The following page is meant to be a guide for specifying a grammar,
generating the corresponding parser, and using the parser in
LambdaYacc.
Specifying a grammar has eight parts:
- The typing declarations for types in the grammar (located in the
.sig file)
- Information for the tokenzier
- Lists of the terminal and non-terminal grammar symbols
printname predicates
- The rules for the grammar
- Precedence and associativity predicates
freshcopy clauses
- Other predicates for running or using the parser
We will detail each part.
Declarations in all grammars
No matter what grammar you are specifying, your signature and module
must accumulate lambdayacc. Therefore, accum_sig
lyaccshares,blists. and accum_sig lambdayacc. accumulate lambdayacc. should be
in your .sig file and .mod file, respectively.
Typing Declarations
It is necessary to put the typing declarations for all terminals
and non-terminals in your .sig file. Terminal symbols all be of
the type gs.

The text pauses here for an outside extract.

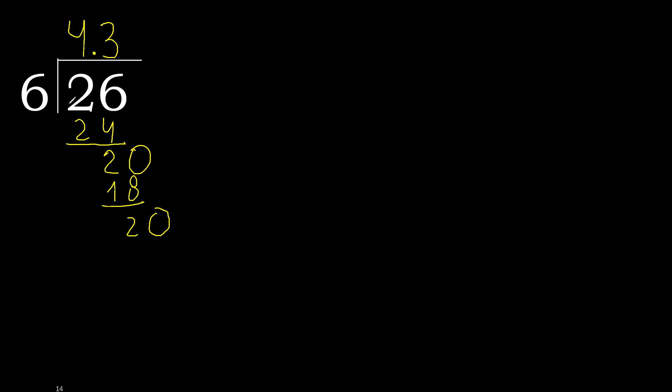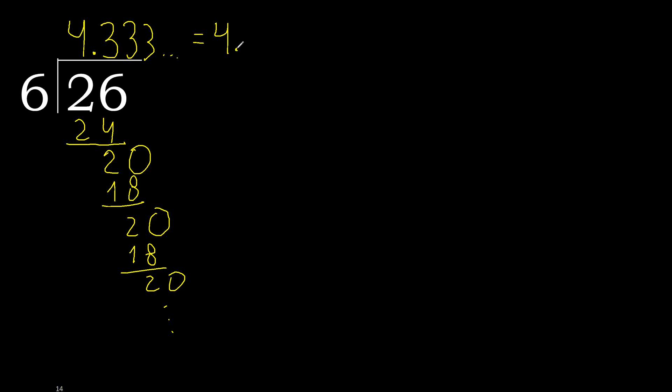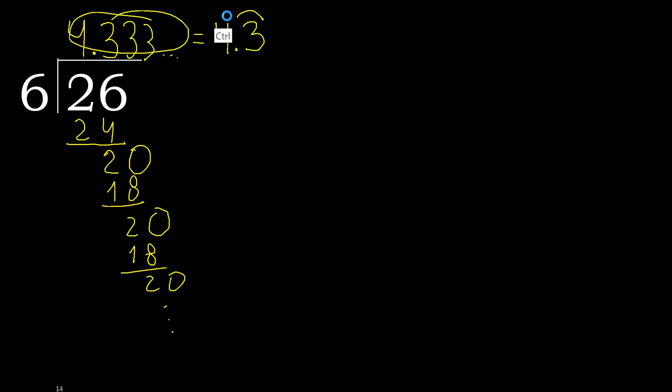Point is here. 20 divided by 6, 6 multiplied by 3. Subtract. Complete, 6 multiplied by 3. Here repeat, therefore repeat. Therefore 3 repeats. 26 divided by 6 is 4 point 3 repeating. Therefore here 3 repeats. Like this or like this.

Non-terminals all have the type
<something> -> gs, where something is
a kind that you have defined. For instance, the Lambda Prolog parser
has the following declarations in lpgram.sig
for kinds and types:
kind typ type.
kind knd type.
type typet, kindt, arrowt gs.
type formt, intt, stringt, realt, listt gs.
type akind (knd -> gs).
type atype (typ -> gs).
The typet, kindt, arrowt, formt, etc., are the terminals
representing the keywords for types and kinds such as "type", "kind",
"->", and "o". akind and atype are the
non-terminals representing kinds and types in the language. We will
see how they are used in later sections.
Information for the Tokenizer
Two parts are needed for the tokenizer: what characters are valid
for tokens and what characters represent comments. The former uses a
predicate of the form tokchar A :- ... One can specify
the characters manually in combination with a set of pre-defined
groups:
letter A | All upper and lower case letters
of the alphabet, plus the underscore (_) character |
letnum A | The same as letter
A, with the addition of the decimal digits 0-9 |
alltyp | All printable characters,
including punctuation marks |
Note that even when using letnum A or alltyp A, the first character
of a token cannot be a number. The tokenizer must recognize tokens
that start with a number as an integer.
Examples of the tokchar predicate would be:
| All letters and numbers | tokchar A :- letnum
A.
|
| Lambda Prolog's tokens, which is all characters with the
exception of ",", ";", "(", ")", "[", "]", ":", etc. |
tokchar S :- alltyp S, C is string_to_int S,
not (C = 46; C = 44; C = 41; C = 40; C = 59; C = 91; C = 93; C = 124;
C = 58; C = 92; C = 34; C = 126). |
In the second example, we use the ASCII character codes for the
characters. It would also be possible to use the characters
themselves as a string.
The second part of information for the tokenizer is a list of
strings with which single-line comments can start. The tokenizer
already supports block comments that start and end with /* */. This
predicate takes the form comment_list <List of
strings>. The strings can be up to two characters
long. The comment predicate for Lambda Prolog looks like:
comment_list ["%"].
For Twelf, which
supports comments that start with a "#", or a "%" followed by a space,
the predicate would be
comment_list ["#","% "].
Lists of terminal and non-terminal grammar symbols
Every grammar symbol must be included in one of two lists,
indicating whether it is a terminal or non-terminal. The two lists
are specified by
| Terminals | terminal_list <list of
terminals> |
| Non-terminals | nonterm_list <list of
non-terminals> |
See the Lambda Prolog
Grammar for an example. Note that you must include
iconst, id, and sconst in order
to have integers, strings, and strings in quotations marks
recognized.
Update: The non-terminals are now specified by the arity of
the term, up to an arity of 4. Note that if you are using an older
grammar where the non-terminals are in a list with arguments, you can
still use them, however the system will not be able to generate
freshcopy clauses for you.
printname Predicates
The printname predicates tell the tokenizer what
strings correspond to tokens in a file being parsed. They can include
letters, numbers, or punctuation symbols. The predicates are of the
form printname _ <string>
<token>.
Here are a few examples taken from the Lambda
Prolog Grammar.
printname _ "module" modulet.
printname _ "=>" impt.
printname _ "+" addt.
The tokens should all be terminal grammar symbols declared in the
.sig file that appear in terminal_list.
Grammar Rules
The grammar rules are the valid productions in the syntax of the
language. First of all, one must specify the starting symbol of the
grammar. This is done with the start_symbol
<symbol>. predicate, where <symbol> is
one of the non-terminal symbols of the language.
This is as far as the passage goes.